[Records excerpted from a collection]
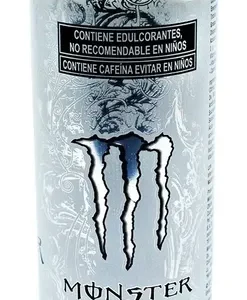 Monster Zero Ultra 473ml
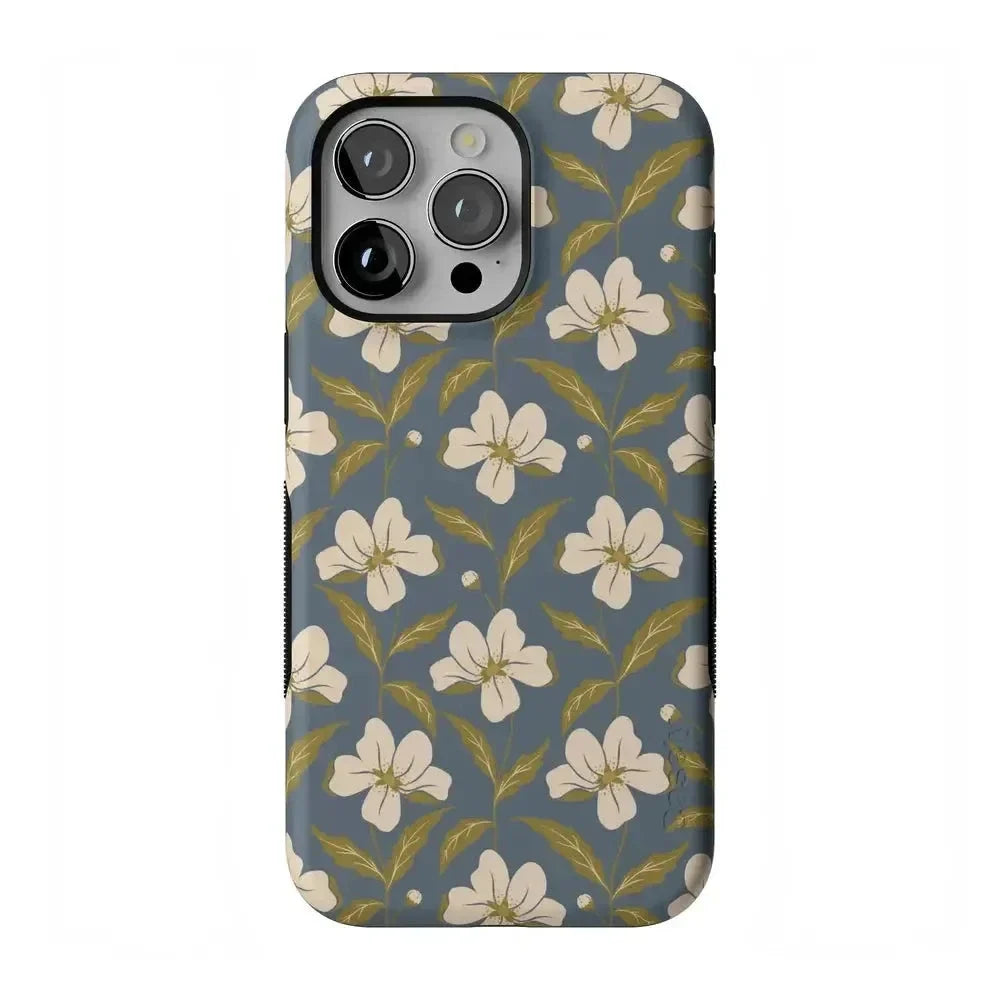 Lei’d Back | The Boyfriend Collection Phone Case get.casely Bold Flex + MagSafe® iPhone 15 Pro Max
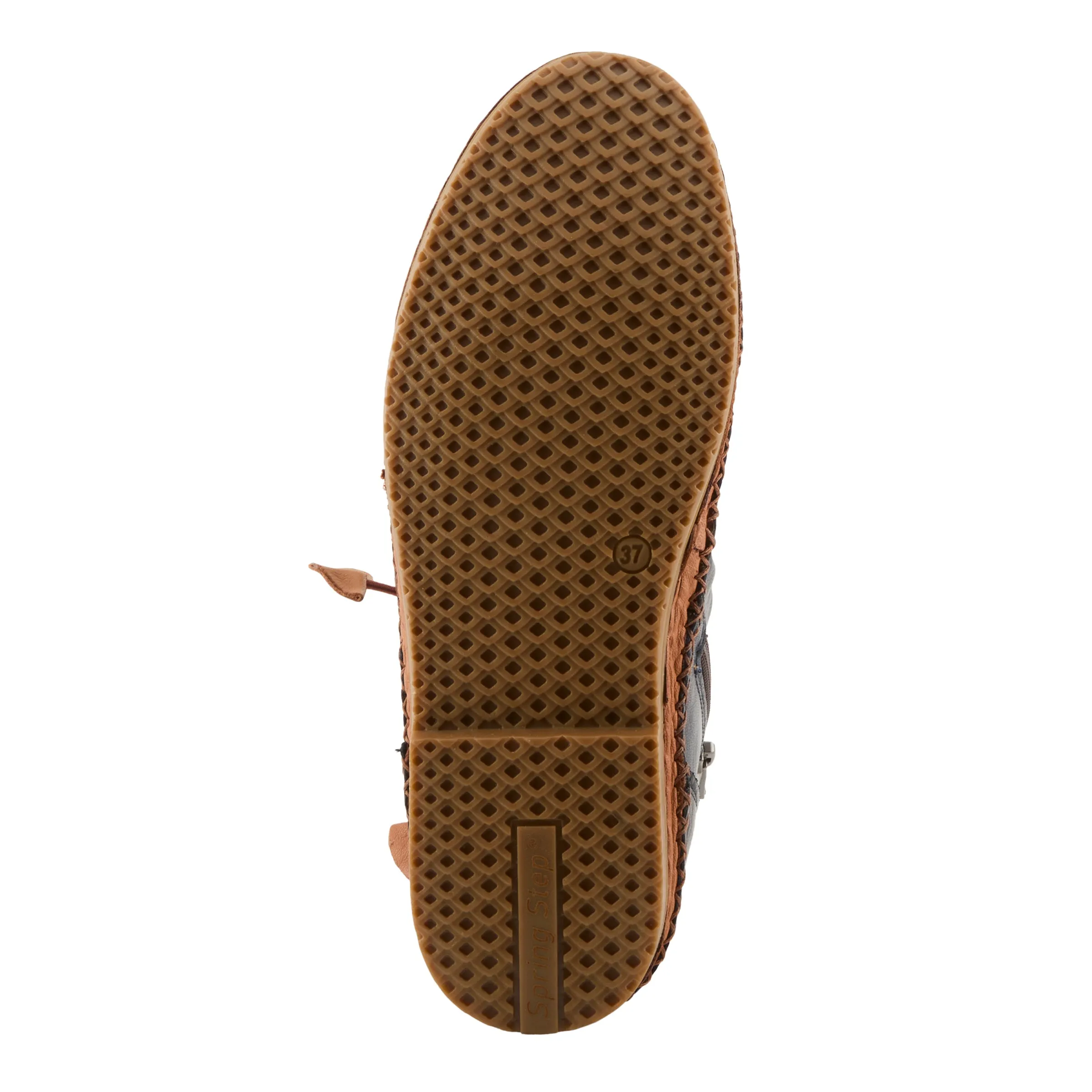 SPRING STEP POMEROY BOOT
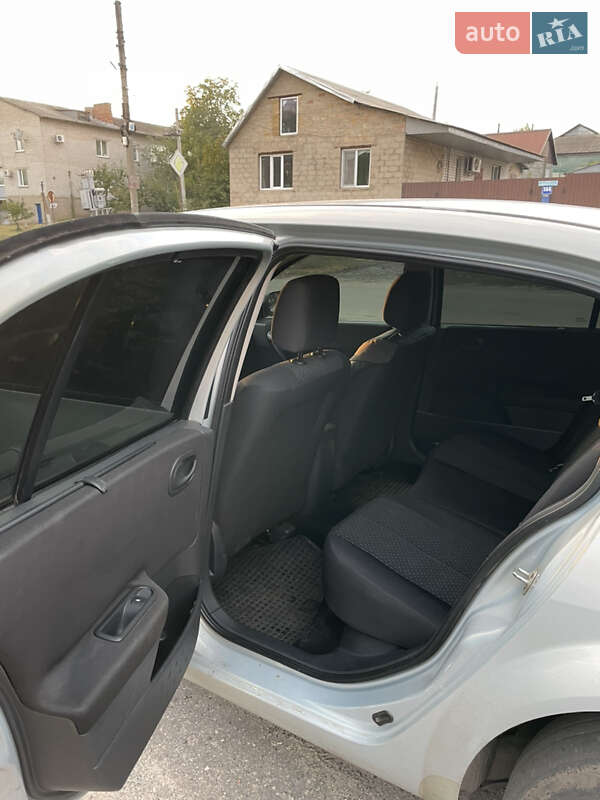 Седан Renault Megane 2004 в Краснограде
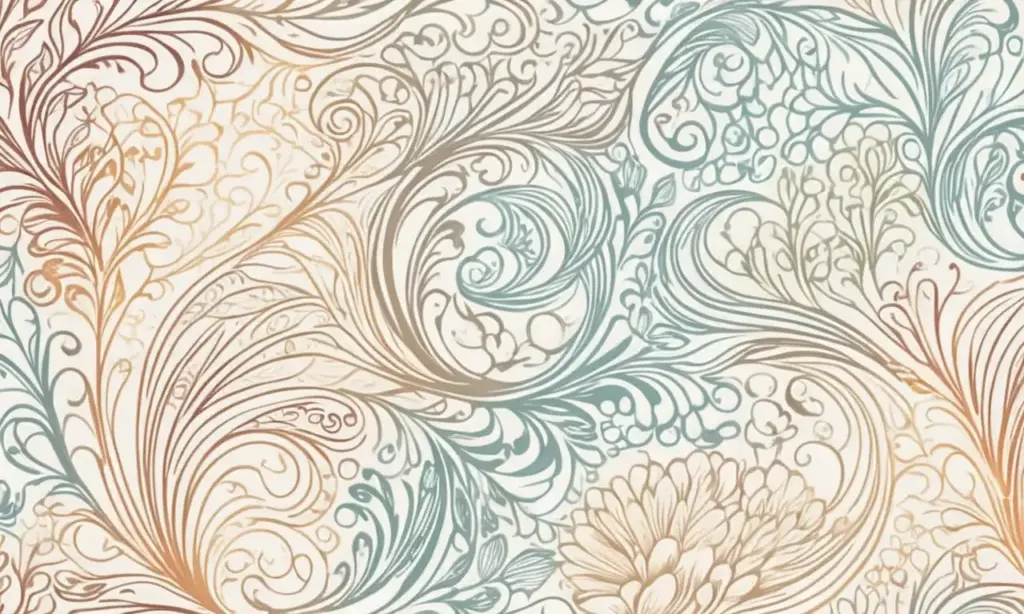 Diseño elegante con líneas suaves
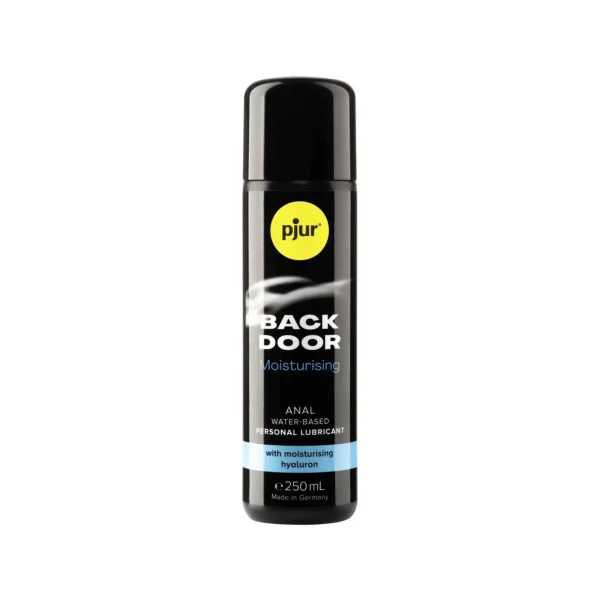 Анальна змазка pjur backdoor Comfort water glide 30 ml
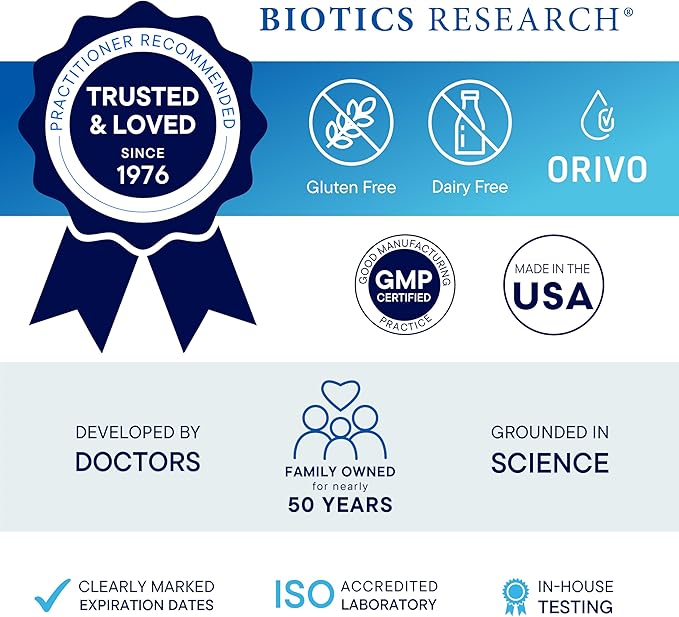 Biotics Research Biomega-1000™ Omega 3 1000mg Fish Oil Supplement with EPA/DHA, Highly Concentrated Fish oil Omega-3 Fatty Acids For Women & Men – Supports Immune & Cardiovascular Health – 90 Softgels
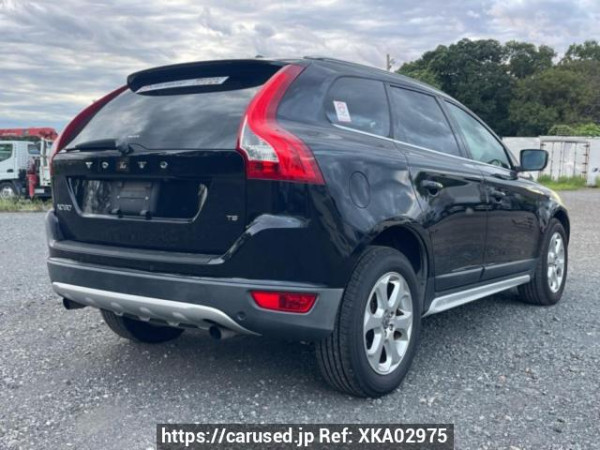 Used 2010 AT volvo xc60 DB4204TXC Image[6]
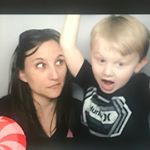 Profile Picture of Kim Berardi (@kimpsycho) on Instagram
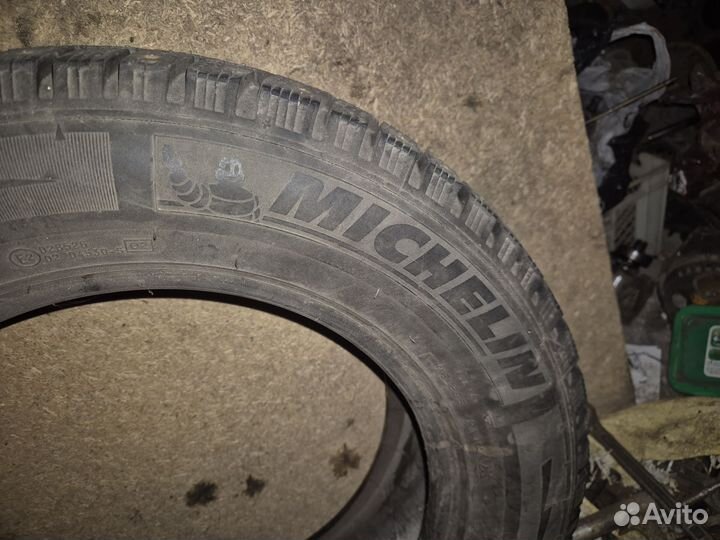 Michelin Defender 195/65 R15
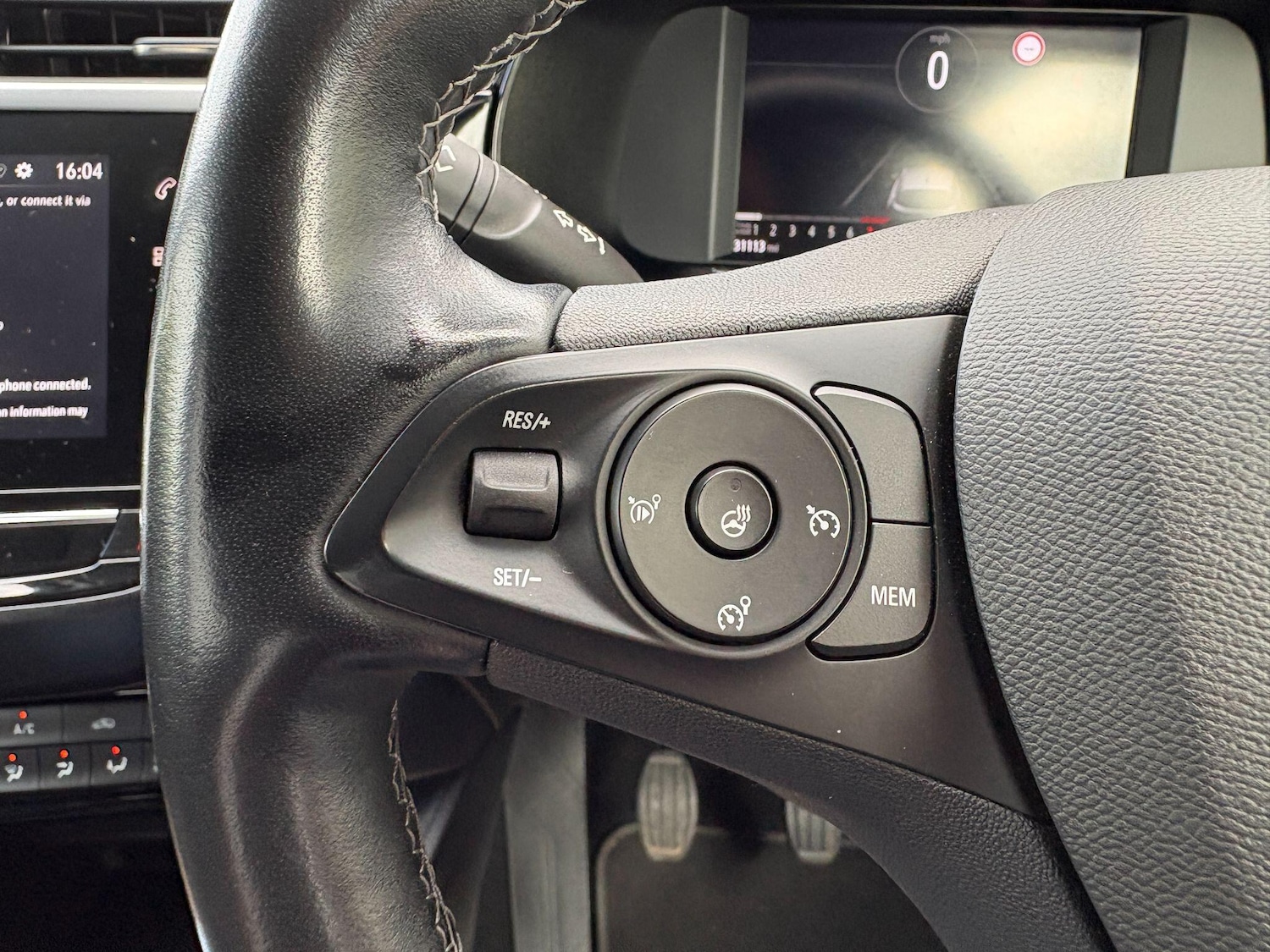 Used Vauxhall Corsa 2021 for sale - 78204373: Photo 21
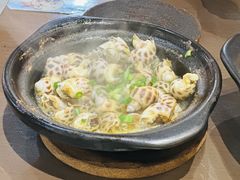 -甬小馆·焗海鲜温州菜(五马街店)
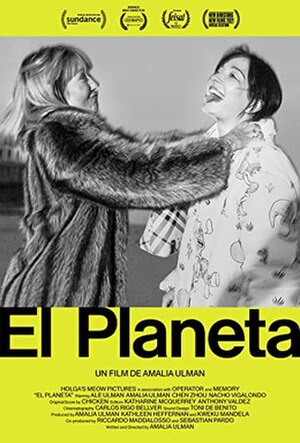 Film El Planeta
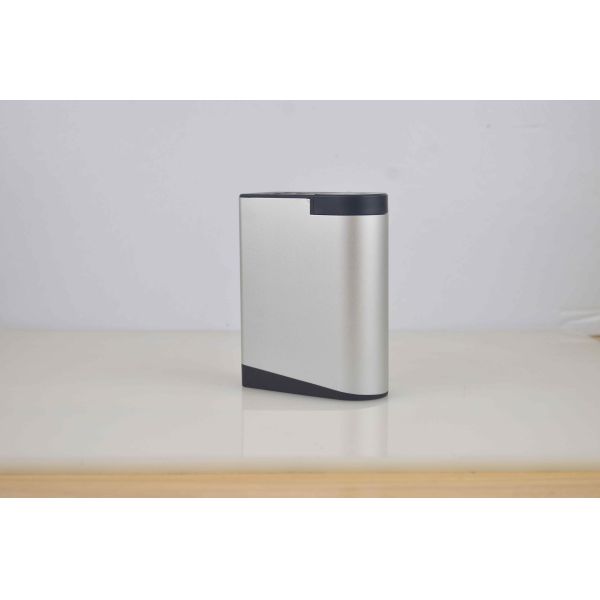 Mini Usb Nebulizing 10ml Battery Powered Essential Oil Diffuser EMC Listed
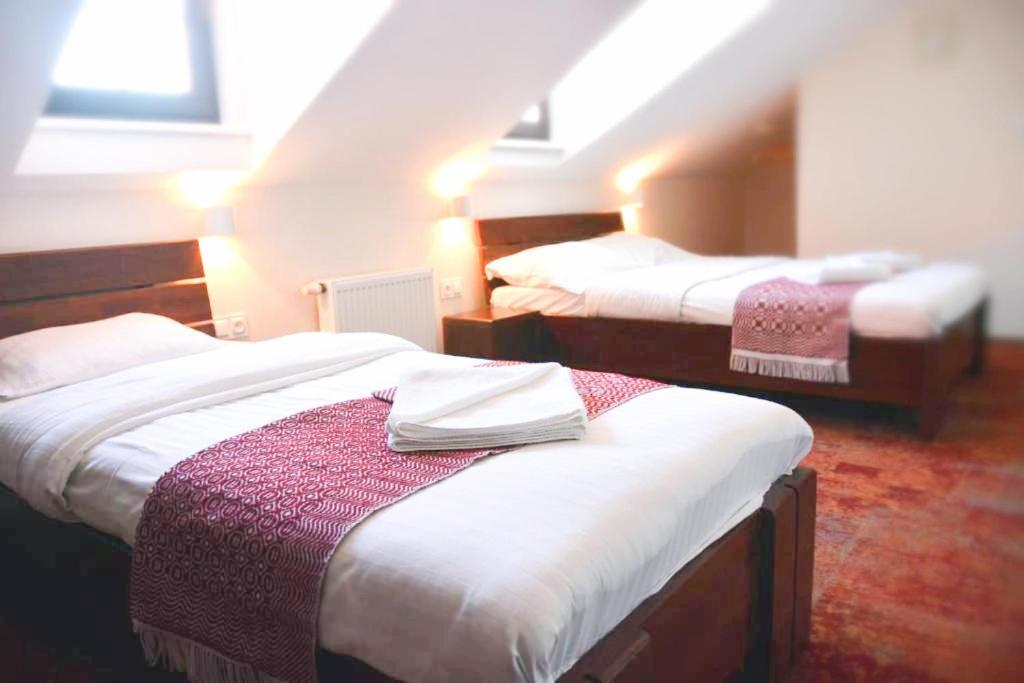 Stara Kuznia Mazurska Hotel Węgorzewo Buitenkant foto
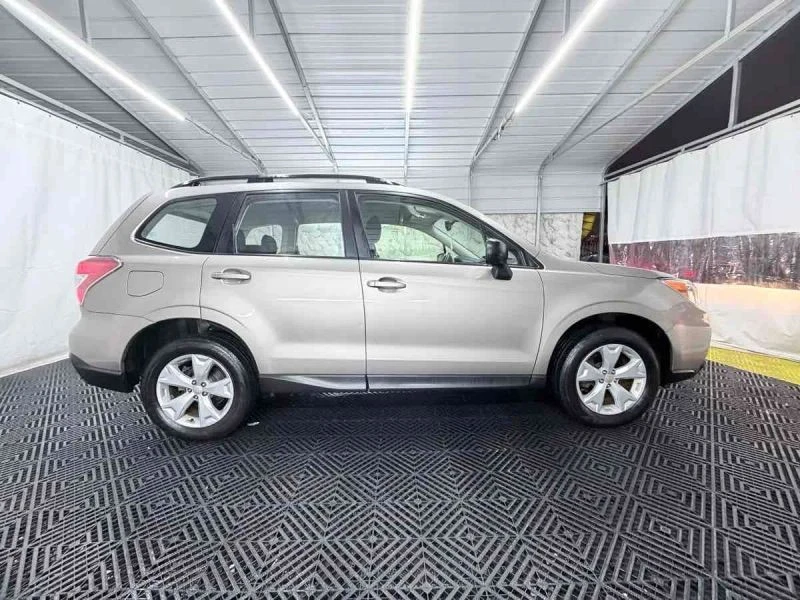 2016 Subaru Forester 4th Gen - Image 7 of 12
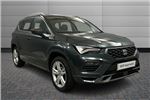 2022 SEAT Ateca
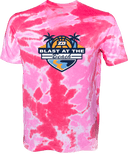 Under Armour Athletics Short Sleeve Tie-Dye - Blast At The Beach VA 2026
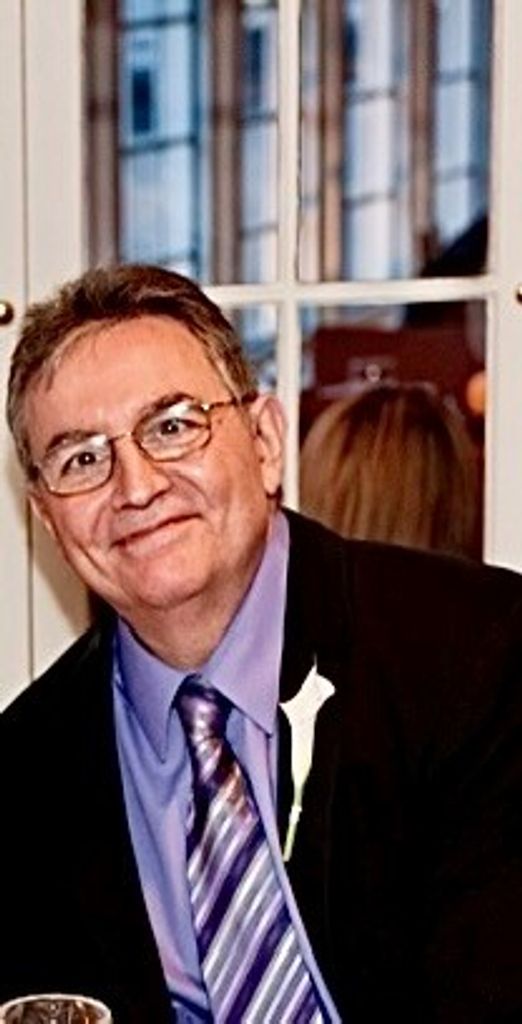 Thomas Bianchi Profile Photo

● **Task brief**
Carry over each record above character for character, with the pictures left out.

● **Answer space**
 Monster Zero Ultra 473ml
 Lei’d Back | The Boyfriend Collection Phone Case get.casely Bold Flex + MagSafe® iPhone 15 Pro Max
 SPRING STEP POMEROY BOOT
 Седан Renault Megane 2004 в Краснограде
 Diseño elegante con líneas suaves
 Анальна змазка pjur backdoor Comfort water glide 30 ml
 Biotics Research Biomega-1000™ Omega 3 1000mg Fish Oil Supplement with EPA/DHA, Highly Concentrated Fish oil Omega-3 Fatty Acids For Women & Men – Supports Immune & Cardiovascular Health – 90 Softgels
 Used 2010 AT volvo xc60 DB4204TXC Image[6]
 Profile Picture of Kim Berardi (@kimpsycho) on Instagram
 Michelin Defender 195/65 R15
 Used Vauxhall Corsa 2021 for sale - 78204373: Photo 21
 -甬小馆·焗海鲜温州菜(五马街店)
 Film El Planeta
 Mini Usb Nebulizing 10ml Battery Powered Essential Oil Diffuser EMC Listed
 Stara Kuznia Mazurska Hotel Węgorzewo Buitenkant foto
 2016 Subaru Forester 4th Gen - Image 7 of 12
 2022 SEAT Ateca
 Under Armour Athletics Short Sleeve Tie-Dye - Blast At The Beach VA 2026
 Thomas Bianchi Profile Photo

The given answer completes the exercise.